I make a lot of pork roasts for everyday meals, Sunday dinners, & special occasions. I always have one in the freezer ready to go because I purchase a lot of whole pork loins, and then have my local butcher slice it into individual roasts (and pork chops ) for me. Huge money saver!
Now, I also love one dish meals. I mean, who doesn’t? Simple preparation & easy clean-up is a major recipe turn-on for me.
Recently I had the opportunity to try the Original Roasted Raspberry Chipotle Sauce from Fischer & Wieser & I fell in love with it instantly. Thankfully I didn’t eat the entire bottle of it with the bag of pretzels I couldn’t help dipping in it – or I would have never created this pork & sweet potato recipe, and that would be a real shame. A travesty even. It’s just that delicious.
When we sat down to eat, my entire family couldn’t stop raving about how good it was. Even my 2 year old wanted seconds. You know you have a winner when that occurs!
Remember, I said easy – right? Let me show you how I did it.
In a food processor or blender, puree together your garlic, Italian seasoning, & olive oil.
In a small bowl, mix 3 tablespoons of the garlic oil mixture with 1/2 cup of raspberry chipotle sauce.
In a large bowl, mix together the sauce mixture with the sweet potatoes.
Sprinkle the pork roast with salt & pepper. Give it a quick sear on all sides in a hot pan. Place in a 9×13 baking dish & rub with the remaining garlic oil mixture. Pour the sweet potatoes around the roast.
Spread 1/2 cup of the raspberry chipotle sauce on top of the pork roast.
Cook at 350 degrees for until the internal temperature comes to 145 degrees, about 1 hour. Let rest for 10 minutes before slicing.

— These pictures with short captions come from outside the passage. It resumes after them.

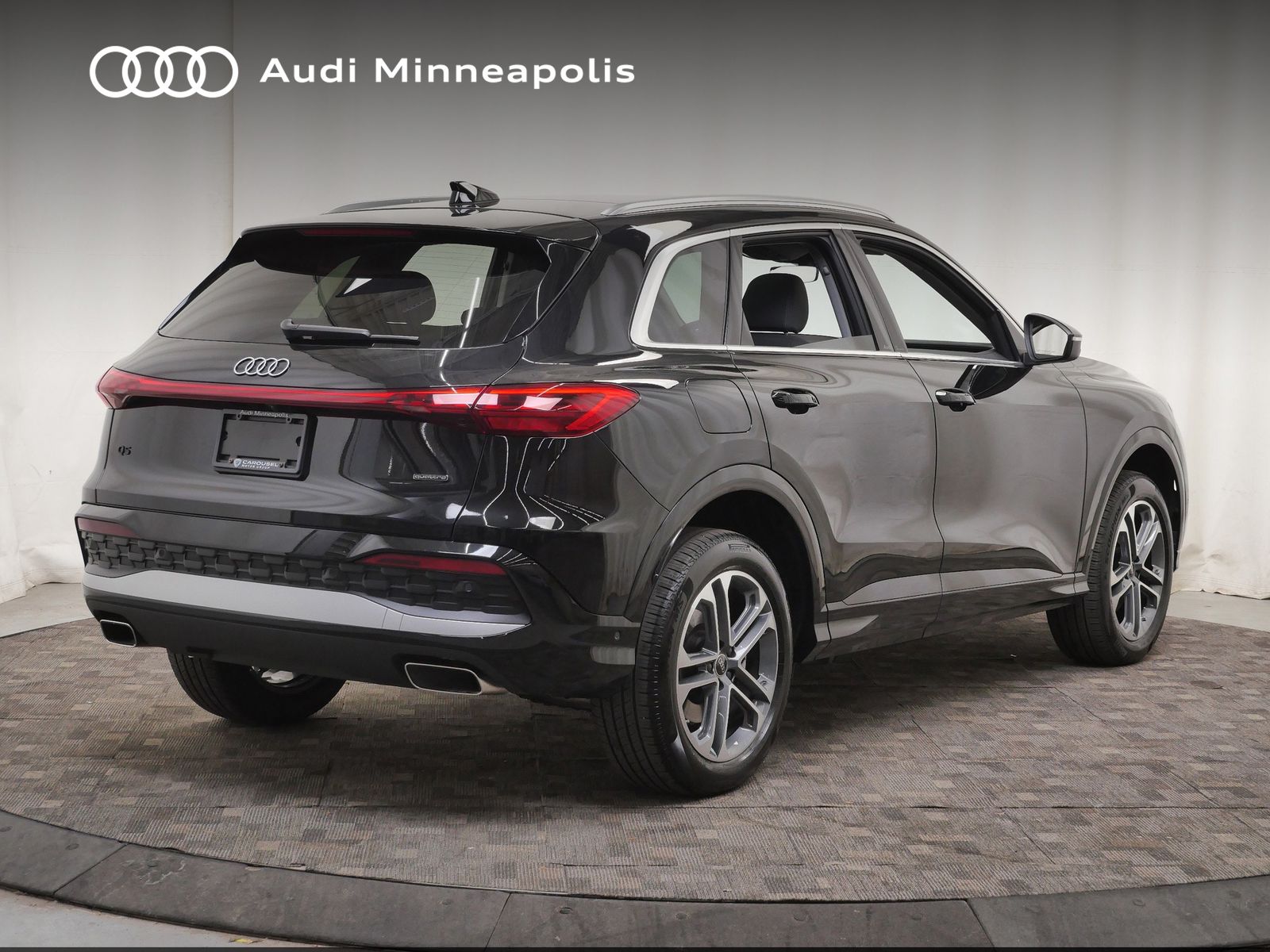 Thumbnail: 2025 Audi Q5 - 7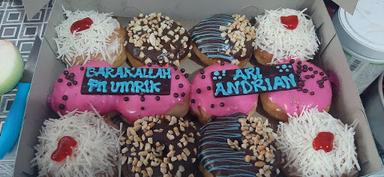 YEYEN DEWI JAJAN DONUT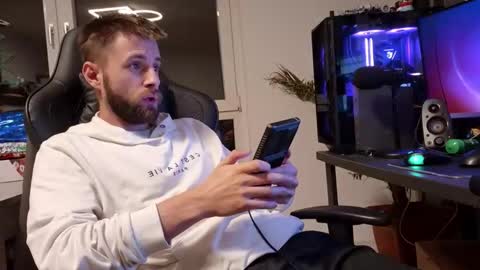 Snapshot of julia_official chatting on January 13, 2026, 8:58 pm julia_official online show from January 13, 2026, 8:58 pm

If you have any leftovers, try them out in this pork taco recipe. It’s fantastic!
- 1 2-3 pound pork loin roast
- 6 cloves garlic
- 1 tablespoon Italian seasoning
- 2-3 tablespoons olive oil
- 4 large sweet potatoes, peeled & chopped into 1 inch pieces
- 1 cup roasted raspberry chipotle sauce
- salt & pepper to taste
- Preheat oven to 350 degrees.
- In a food processor or blender, puree the garlic cloves, Italian seasoning, & enough olive oil to make a spreadable paste.

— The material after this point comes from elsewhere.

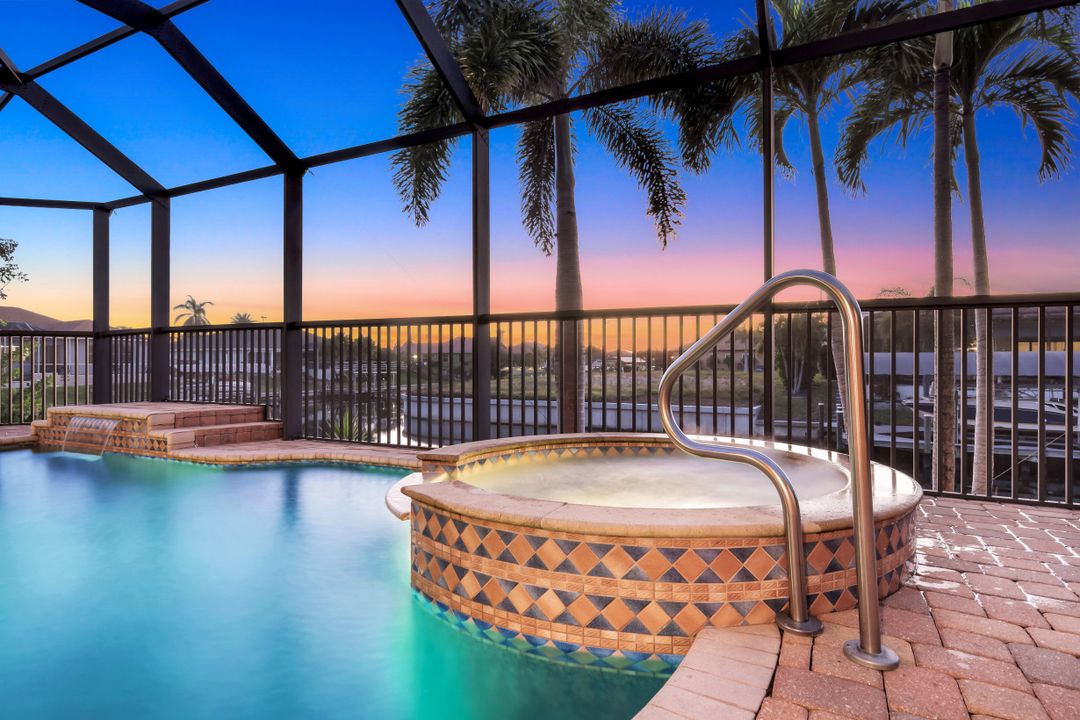 2832 SW 17th Ave, Cape Coral, FL 33914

- Mix ¼ of the garlic oil mixture in a small bowl with ½ cup of the raspberry chipotle sauce. In a large bowl, combine the sweet potatoes with the sauce mixture. Set aside.

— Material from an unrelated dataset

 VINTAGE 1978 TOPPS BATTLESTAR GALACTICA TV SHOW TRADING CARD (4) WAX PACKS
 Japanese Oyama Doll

- Season the pork roast with salt & pepper; sear quickly on all sides in a hot pan. Place in a 9x13 baking pan & rub the remaining garlic oil mixture all over it. Pour the sweet potatoes around the pork roast. Spread the remaining ½ cup of raspberry chipotle sauce on top of the pork roast.
- Bake uncovered - until the internal temperature reaches 145 degrees, about 1 hour. Let rest 10 minutes before slicing.
*Fischer & Wieser sent me a sampling of their products to use in this recipe. All recipes & opinions stated are my own.